La Galerie des glaces /Photos/texte Nöella Redais





Perchée sur le carrousel des Mondes Marins à vingt-cinq mètres de hauteur, je jubilais, surplombant l'île mystérieuse.
Quelle zone d'embarquement choisir ? Celles des fonds marins ?
Ah non, aujourd'hui elle est privatisée !


Devinez ? Un célèbre capitaine !
Non, Haddock ne s'immiscera pas dans cette histoire.
Un indice peut être ?
"Partez de l'île de Nantes, empruntez le pont Anne de Bretagne, marchez un peu, vous êtes arrivé au musée Jules Verne.

Alors ?
Le Capitaine Nemo !

De toute façon, j'avais envie de plus de ... mystère, ...frissons...de m'encanailler ?

Sûrement !
J'attrape aussitôt la nageoire caudale du poisson volant, et me voilà sur le ponton des abysses. 
La raie manta...la méduse...
Ah, voici mon bathyscaphe, le poisson pirate !
Ses grandes mâchoires menaçantes et son anatomie singulière piquent ma curiosité.
À travers son ossature imposante, je distingue tout un attirail d'exploration. Je décide de monter à bord de la nacelle, en contrebas.
Ses barbillons en alerte annoncent le départ. Nous prenons de la hauteur, survolons la Loire, voguons entre les nuages jusqu'à l'océan.

J'ai hâte de sentir l'air du large. J'actionne aussitôt les nageoires dorsales translucides qui se gonflent comme des petites boules. Installée confortablement à l'arrière du crâne, je contemple la mer, ses récifs, j'apercevais les cinq pinceaux de St Hilaire, autrefois repère des pirates. Il est temps d'amorcer la descente, je déclenche les parois vitrées qui s'abaissent de chaque côté de l'arrête centrale. La nacelle s'arrime à l'ossature, les volets s'ouvrent sur des hublots.
La nageoire caudale s'alonge, se déploie dans un mouvement hélicoïdal.
Les vagues frappent la coque, le sous-marin plonge et s'enfonce progressivement dans les profondeurs.

De retour dans la nacelle, le nez collé au hublot, je regarde danser les ombres.
Tous ces remous ont agité la neige marine.
Les farandoles de flocons tourbillonnent autour des ombres, chahutées dans leur danse macabre.

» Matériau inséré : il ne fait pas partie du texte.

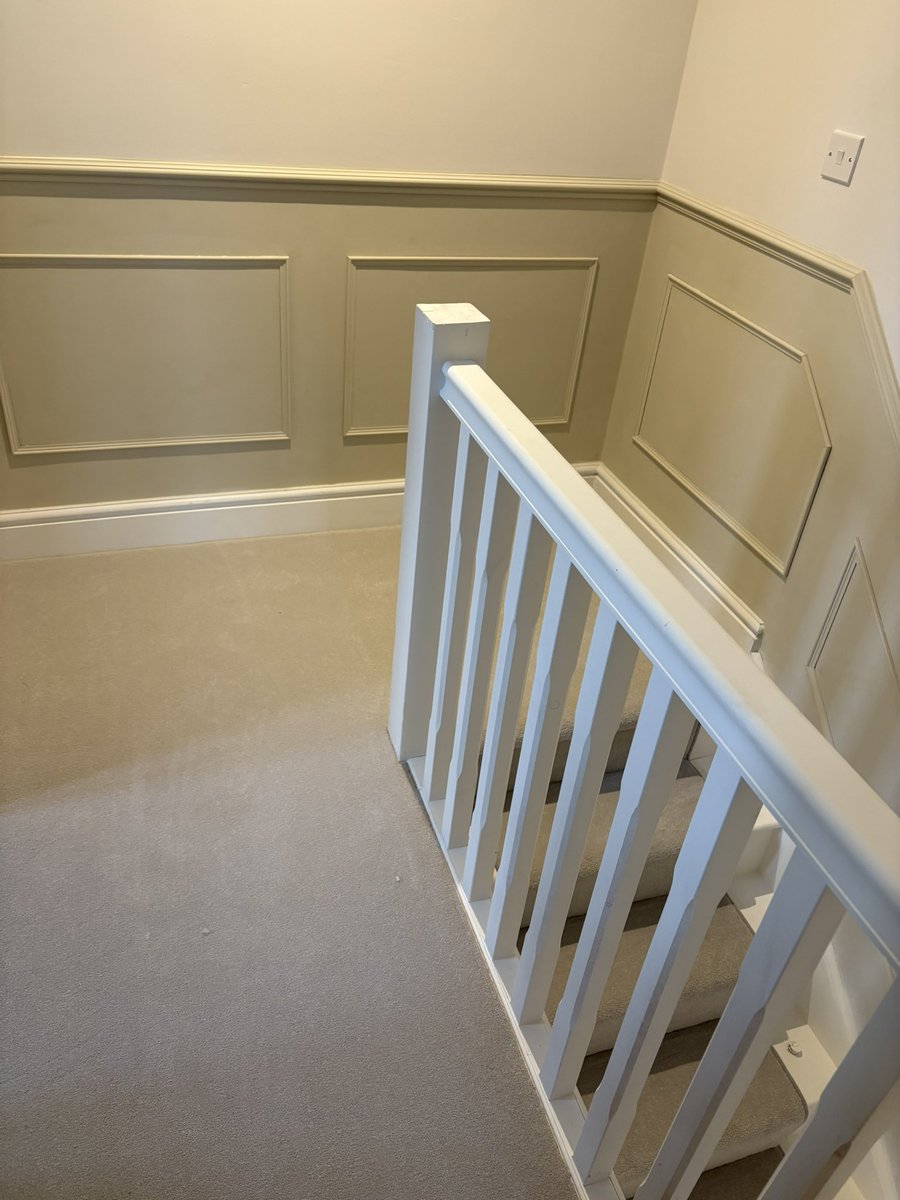C.Marshall Flooring tweet media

Soudain, nous ralentissons, freinés par une épaisse couche de glace. La nacelle se détache, s'engage dans une fissure. Le sillage laissé par les sentinelles éclaire notre trajectoire vers les plaines abyssales.
Les roches affleurent au milieu d'une mosaïque recomposée, givrée par le temps. 

Des trous béants, peut être des guetteurs, émergent, encerclés de multiples voiles d'ombrages, réinventés, redessinés par des verts géants bioluminescence, d'une grande agilité.
Certains s'étirent, se libèrent, s'échappent, flottent, bercés sur des nuages d'encre entravés par des résidus de feuilles enchevêtrées dans les sédiments.
Aveuglés par les eaux troublées, les guetteurs dérivent jusqu'à la rencontre improbable, éblouissante, énigmatique, de l'art brut !
Majestueusement opaque, les contours ciselés et acérés, le cerbère des abîmes nous invite à voyager dans la galerie des sculptures éphémères.
Des créatures fantastiques, semblent emprisonnées, figées dans le monde d'avant.
Mon visage s'illumine d'une joie indicible lorsque je plonge dans cet univers onirique, d'une infinie beauté.

Conquérants, ils luttent, inondés par un puit de lumière. D'autres se rapprochent, s'enlacent, se lient pour fondre de plaisir... Et... insuffler la vie...
Je suis restée plusieurs heures, émerveillée par la dualité soleil/glace jusqu'à entrevoir, percevoir la transparence. Ce fut un voyage inoubliable, magique au cœur de la nature réinventée.